New member states and Sweden are unlikely to adopt the euro in the near future, according to convergence reports issued by the Commission and the European Central Bank (ECB). The Commission has urged candidates to step up their efforts.
The convergence report, presented by the Commission on 5 December 2006, revealed that countries are not working hard enough to comply with the criteria for joining the common currency.
The Czech Republic, Estonia, Cyprus, Latvia, Lithuania, Hungary, Malta, Poland, Slovakia and Sweden are expected to join the eurozone, as soon as they meet the criteria. These include keeping inflation low, taming the budget deficit, stable exchange rates and low interest rates.

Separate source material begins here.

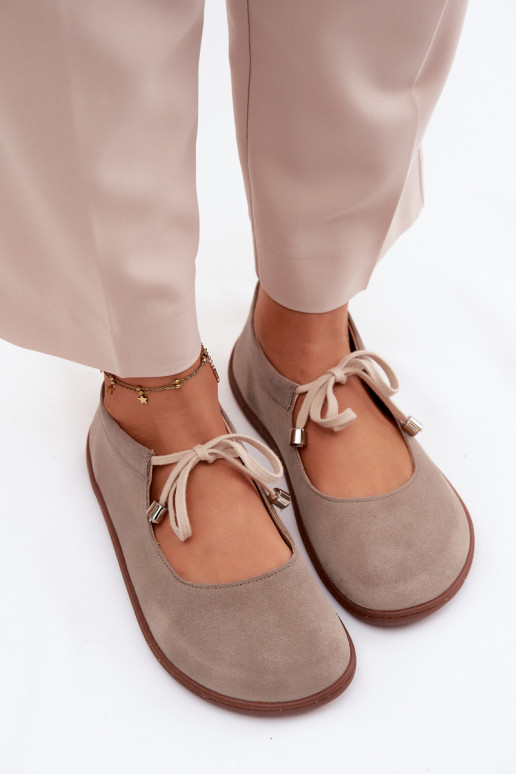 Zamszové kožené barefoot baleríny s pásikmi Zazoo 021, farba cappuccino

Sweden fell short of joining the common currency following a failed referendum on euro adoption in 2003.
Apart from Slovenia, which will adopt the euro on 1 January 2007, all of the member states that joined in 2004 are having trouble cutting down on government spending and keeping inflation low.
Economic and Monetary Affairs Commissioner Joaquín Almunia encouraged the euro aspirants, saying: “Although the road to the euro is proving more difficult than some may have thought originally, the reward is well worth the effort.”
A separate convergence report, published by the ECB on the same day, is largely in line with the Commission. It gives a mixed evaluation of the countries’ progress, stating that since 2004 “many of the countries under review have made progress with economic convergence, but in some countries there have also been setbacks”. But the ECB also urges a more sustainable approach: “Sustainability is of key importance. Convergence must be achieved on a lasting basis and not just at a given point in time.”